Now, if the European Commission has its way, not only will it be returning to the European market in some style, but with the advantage of a new tariff-free access quota. This is central to the Mercosur trade deal now moving into the final stages of negotiation with a number of South American countries, and those countries include the agricultural superpowers of Brazil, Argentina and Uruguay. All three are big players in the global beef industry, and all three are well placed to take advantage of better access to Europe.

The prospects of a Mercosur deal has been around for some time, but it is now moving from the theoretical to reality. Both sides in the negotiations are about to exchange offers.
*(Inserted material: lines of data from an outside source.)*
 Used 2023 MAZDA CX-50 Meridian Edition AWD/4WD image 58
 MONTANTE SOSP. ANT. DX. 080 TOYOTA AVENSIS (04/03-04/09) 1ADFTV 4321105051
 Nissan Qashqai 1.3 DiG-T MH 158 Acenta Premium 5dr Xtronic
If rumours are right central to the EU offer is tariff-free access for 78,000 tonnes of beef, with reduced tariffs for other beef. There will also be better access for products like pork and poultry, and these countries have the advantage of cheap grain, cheap labour and lower environmental and social welfare standards than exist in Europe. This will be another example where the EU imposes standards on its own farmers, but not on third countries – a failure to apply what is known as equivalence to imports.

The dangers this poses for the European beef industry have long been recognised. But the Commission – as with all trade deals – is prepared to see losses for parts of European agriculture as a price worth paying for the price of better access to South American markets for the rest of the eurozone economy. It is pressing ahead with this deal, despite signs that the South Americans are giving less than expected in terms of access, and the fact that with the global economy faltering countries like Brazil are not the powerhouse economies they were when these negotiations began.
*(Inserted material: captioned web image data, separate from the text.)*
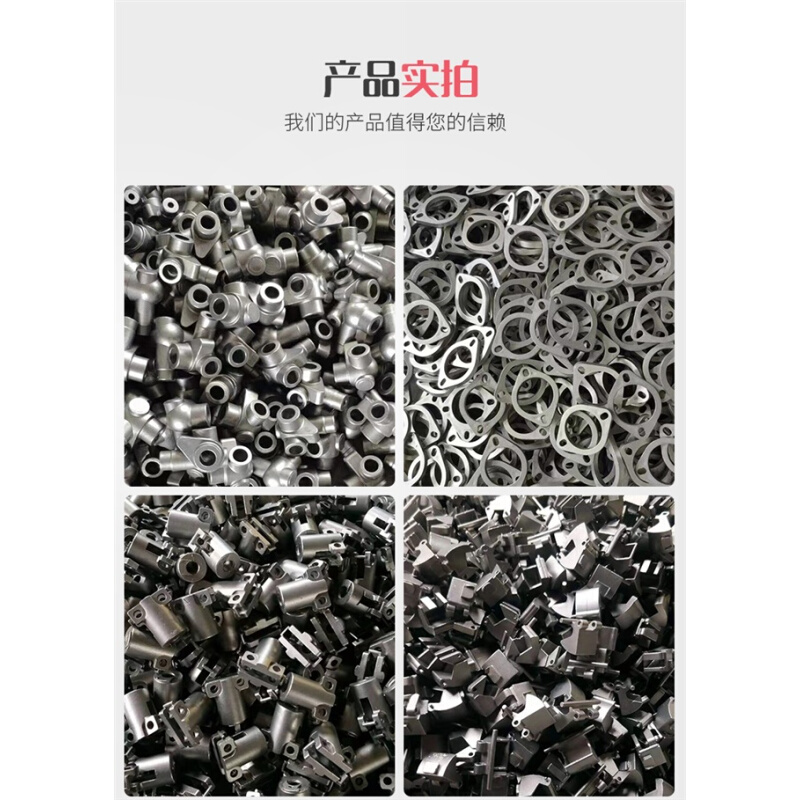 304精密铸造非标件铁失蜡硅溶胶G加工大型碳材质不锈钢铸件。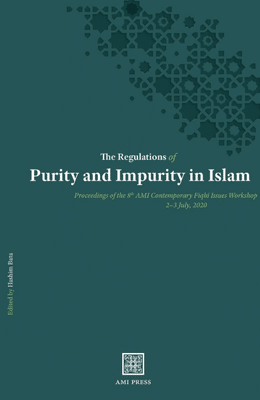 The Regulations of Purity and Impurity in Islam book cover - tahara fiqh guide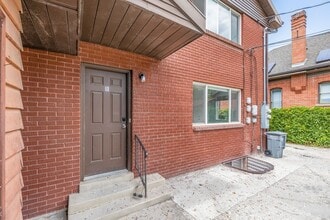 Building Photo - 627 S 500 E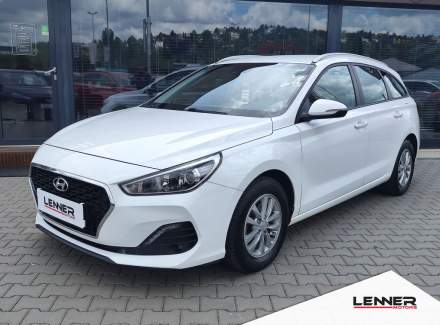 Hyundai - i30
In the scale of things 78,000 tonnes of beef may not sound a lot. But like New Zealand, with its lamb quota, it is a safe bet the South Americans would maximise the export of high value cuts. There are question marks over parts of their beef industries, but they can produce high quality, grass fed beef from traditional British breeds to target the top end of the European market. That can only be at a cost to those already in that lucrative sector of the market. Apart from getting some high value food and drink products into South America, it is hard to see this deal as anything but a lose, lose for European agriculture.

Led by France and Ireland this week’s farm council saw growing support from member states for the Commission to recognise the need to protect ‘sensitive’ agricultural products. This was supported, with varying degrees of enthusiasm, by 20 out of 28 member states. A significant number, including the UK and Germany, adopted a neutral stance. Predictably support for the deal came from countries like Spain and Portugal that have long-standing trading relationships with South America. This is the sort of pressure needed to put a shot across the bows of a European Commission with a track record of being over-influenced in trade deals by industrial prospects that fail to materialise.
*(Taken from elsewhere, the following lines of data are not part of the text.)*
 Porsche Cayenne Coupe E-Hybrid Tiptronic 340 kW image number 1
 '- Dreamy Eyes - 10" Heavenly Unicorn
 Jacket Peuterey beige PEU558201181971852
This potential deal needs to be delayed at least until the autumn. A report is due in September for the farm Commissioner, Phil Hogan, on the potential impact on agriculture of all the trade deals in the offing, including Mercosur and TTIP with the United States. Farmers and farm ministers need to be able to study this in detail before signing on any dotted line. It is a reasonable bet that this report will confirm the price agriculture will pay.

The Commission then would have two options. These are to back away from the deal or demand less access to Europe on a tariff-free basis for agricultural products. That seems unlikely, since the countries involved want to sell food to a European market of 500 million people. The alternative would be protection in the form of compensation to European beef producers. This has already been hinted at but would be far from satisfactory and would leave beef farmers open to accusations that they rely on taxpayer support. On top of that, any support would be short term and uncertain, while the problem of South American access to Europe is long term and very certain.